Тяжелое обвинение; я должен собрать все свое мужество, чтобы на него ответить и объяснить, почему я не считаю это обвинение справедливым и почему серьезный читатель не потратит свое время зря, если познакомится с моей частной историей. Все правда: я не участвовал в событиях, я не был хорошо осведомленным свидетелем совершающейся истории, и никто не оценивает моей личности более скептично, чем я сам. И все-таки я уверен — и прошу не считать это проявлением самонадеянности, — что рассказ о случайной, частной истории моей случайной, частной личности представляет собой важную, еще не написанную часть немецкой и европейской истории, куда более важную и значимую для будущего, чем если бы я рассказывал о том, кто на самом деле поджег рейхстаг или о чем на самом деле разговаривали Гитлер и Рём.

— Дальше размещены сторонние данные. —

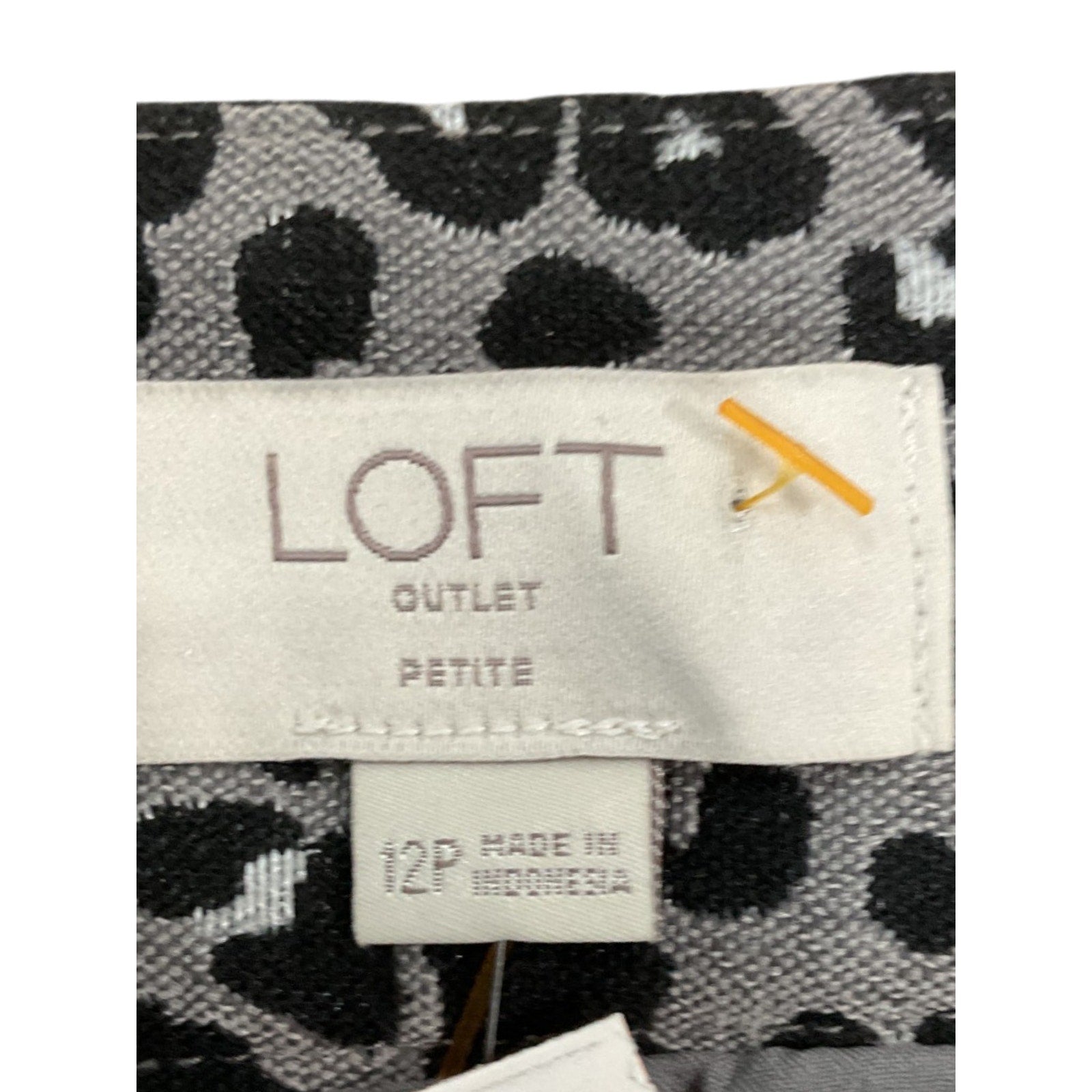 Falda 12 (LOFT)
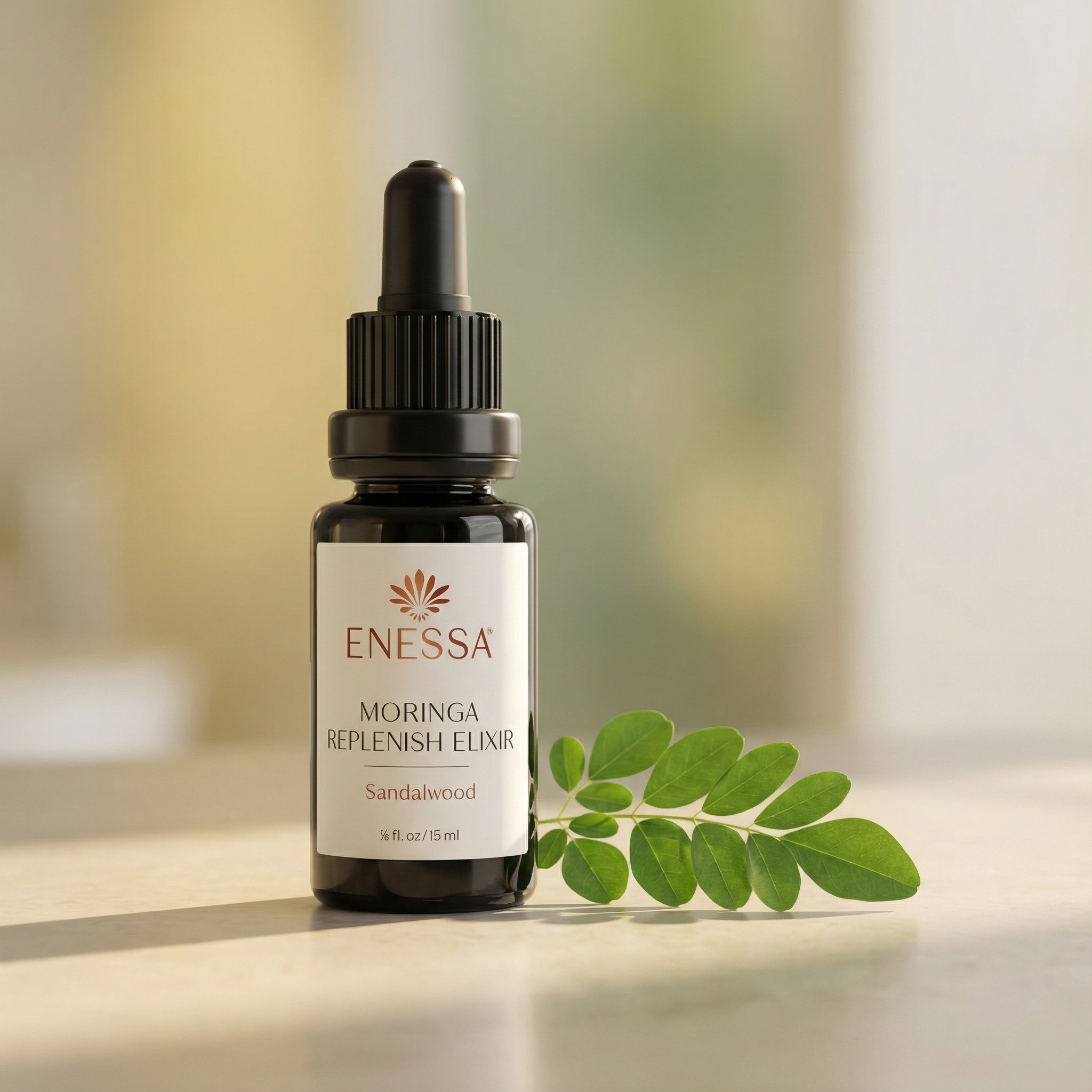 Moringa Replenish Elixir-Travel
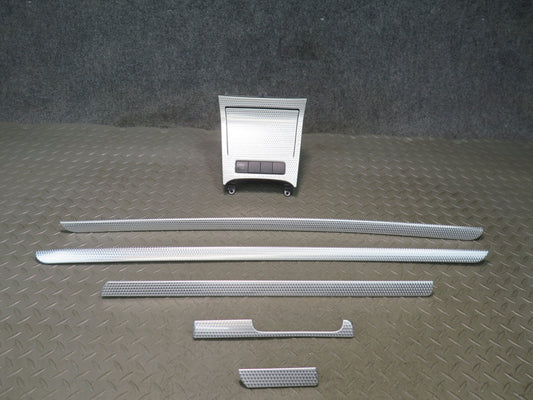 2008 VW Golf R32 MK5 2DOOR Dash Center Ashtray Door Interior Trim Panel Set OEM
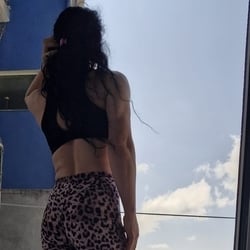 Foto de Ana Vitoria ao vivo na webcam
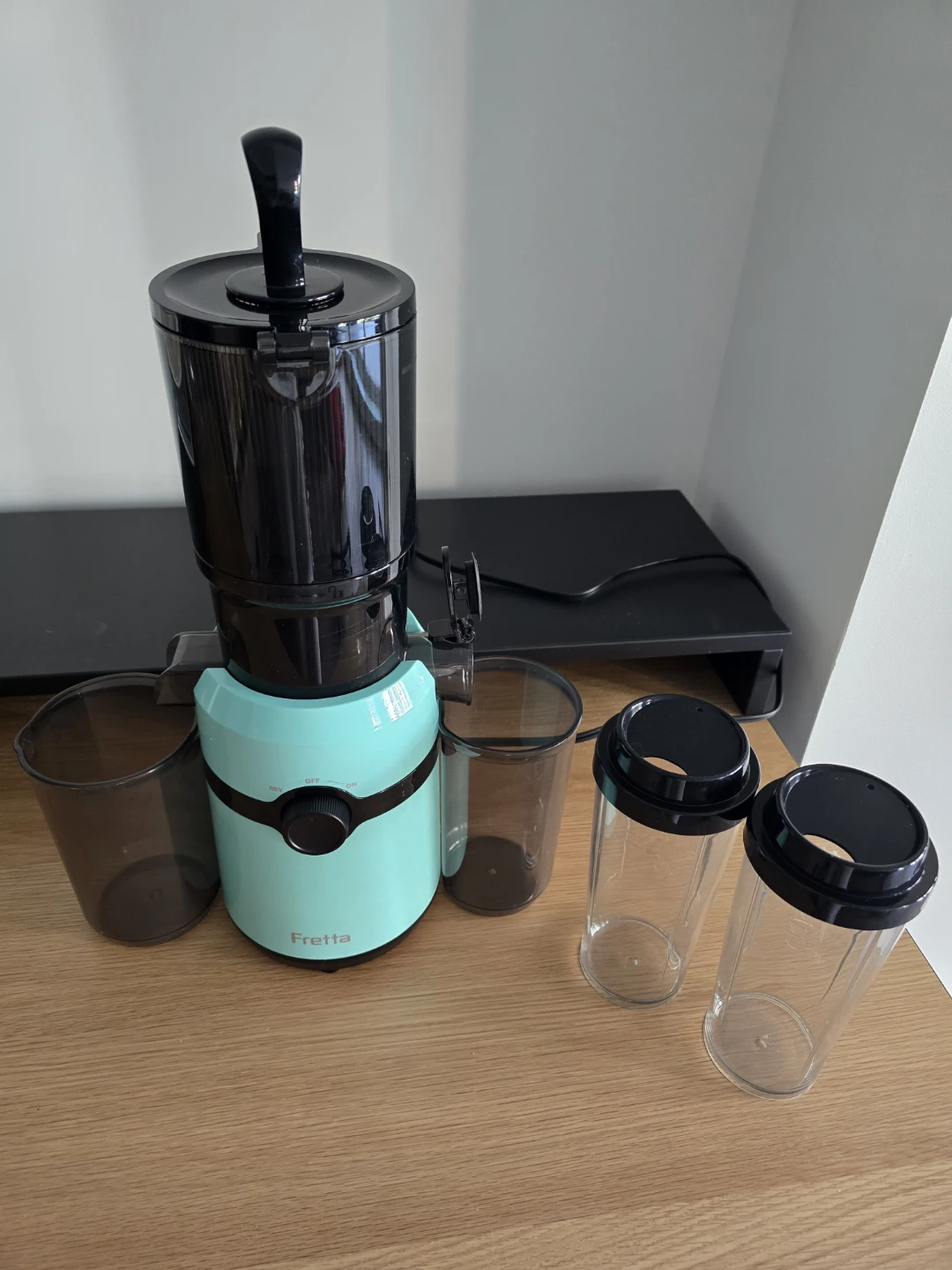 Fretta Slow Juicer
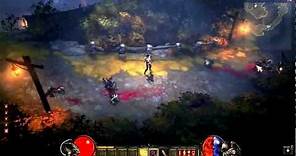 Diablo 3 - Gameplay Walkthrough - Parte 1 Español HD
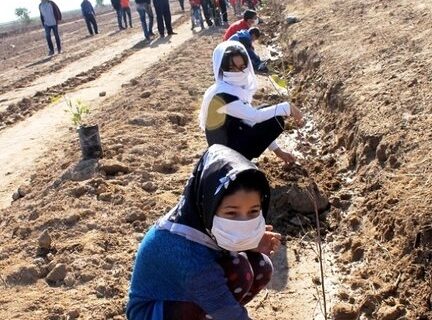 برگزاری یکشنبه‌های سبز در اهواز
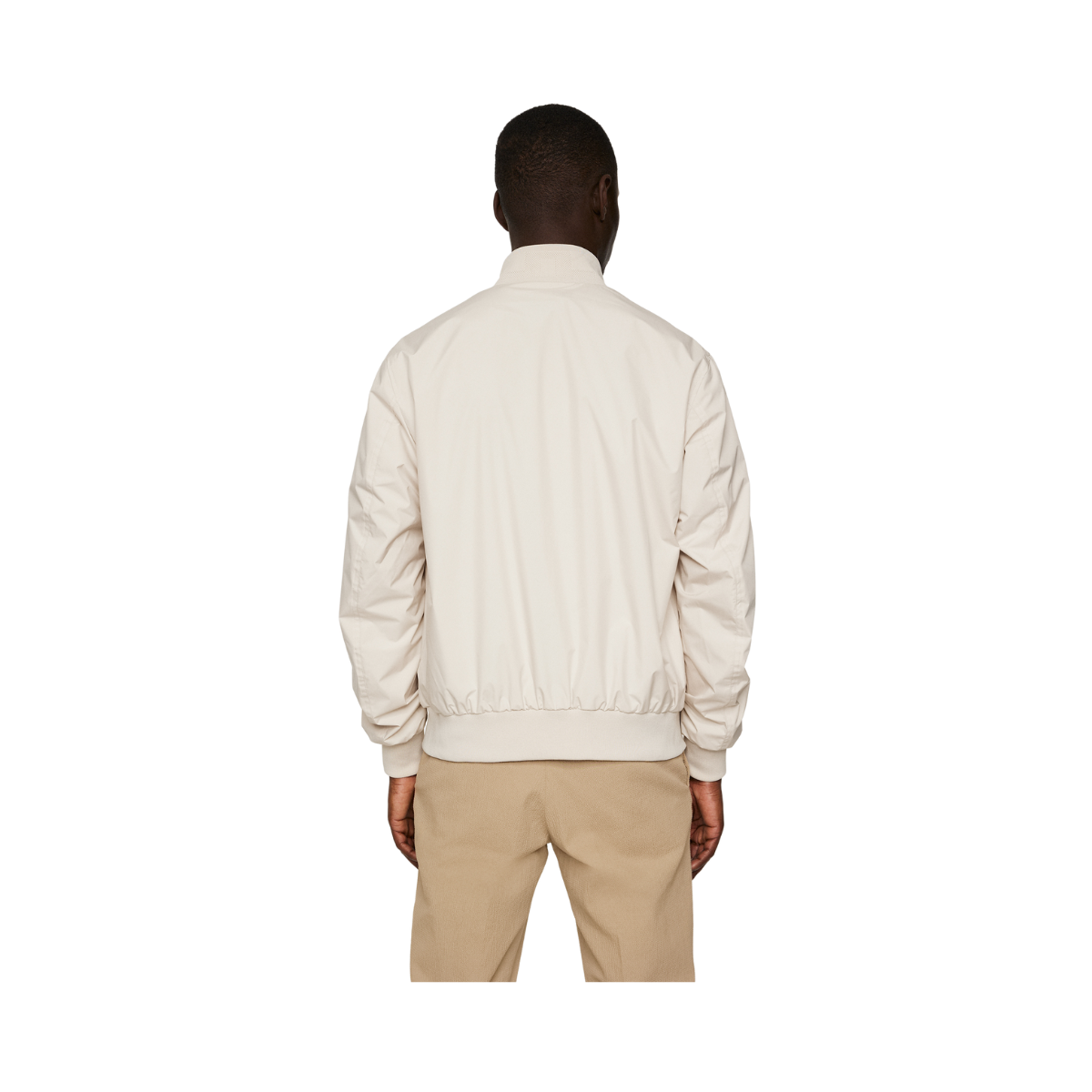 Kevin 2L Bomber Jacket - U029 Moonbeam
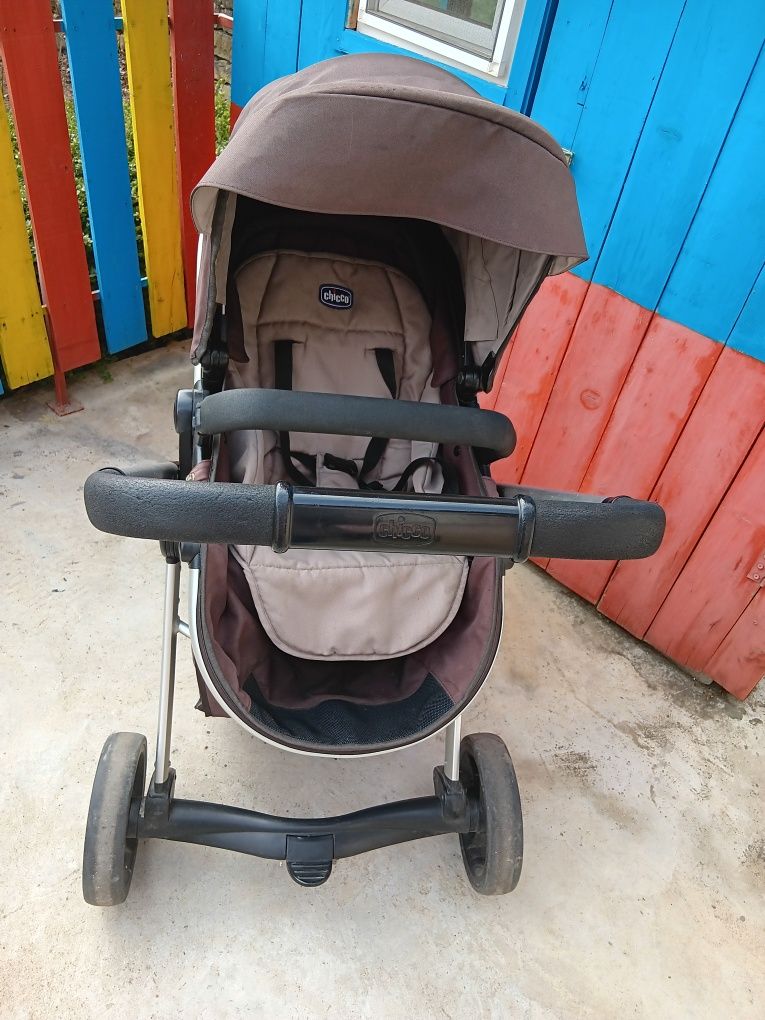 Бебешка количка Chicco 3в1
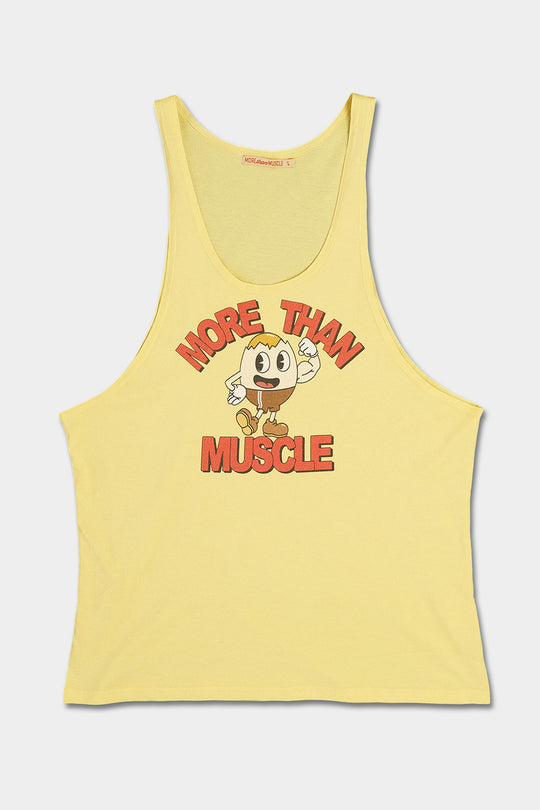 Mascot Tank - Yellow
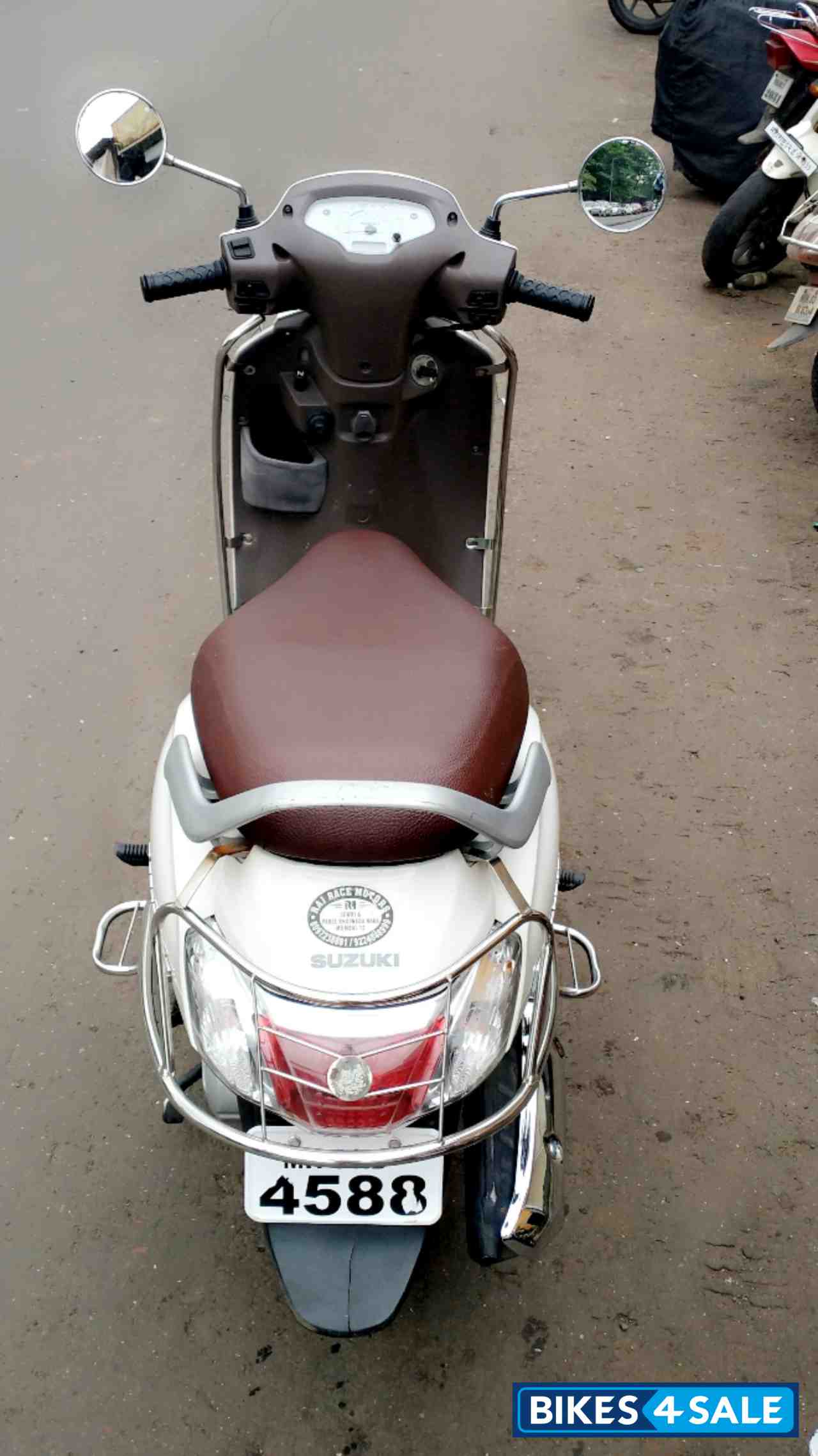 Suzuki Access 125 Special Edition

Если рассматривать обычные труды по истории, — обращаясь к которым слишком легко забываешь, что перед тобой лишь абрис вещей, но не сами вещи, — возникает искушение поверить, будто бы история — это события, происходящие при участии нескольких десятков людей, и эти люди вершат «судьбы народов»; будто бы их-то решения и поступки и являются тем, что позднее назовут «историей». В этом случае история нынешнего десятилетия предстала бы чем-то вроде шахматного турнира, в котором участвуют Гитлер, Муссолини, Чан Кайши[171], Рузвельт[172], Чемберлен[173], Даладье[174] и еще несколько десятков людей, чьи имена в той или иной степени у всех на слуху. Мы, все прочие, безымянные, — в лучшем случае — объекты истории, пешки в шахматной партии; их двигают вперед или оставляют на месте, ими жертвуют, их жизнь, если она у них вообще есть, разыгрывается в другом мире и не связана с тем, что происходит с ними на шахматной доске, на которой, сами того не зная, они стоят.

Звучит парадоксально, но все же фактом является то, что действительно большие исторические события разыгрываются между нами, безымянными пешками, затрагивают сердце каждого случайного, частного, приватного человека, и против этих личных и в то же время охватывающих массы решений, которые их субъекты порой даже не осознают, абсолютно бессильны могущественные диктаторы, министры и генералы. Знак, характерный признак этих решающих исторических событий — то, что они никогда не проявляются как массовые; дело в том, что масса, как только она становится таковой, утрачивает способность к действию: настоящее историческое событие всегда проявляется как частное, личное переживание тысяч и миллионов одиночек.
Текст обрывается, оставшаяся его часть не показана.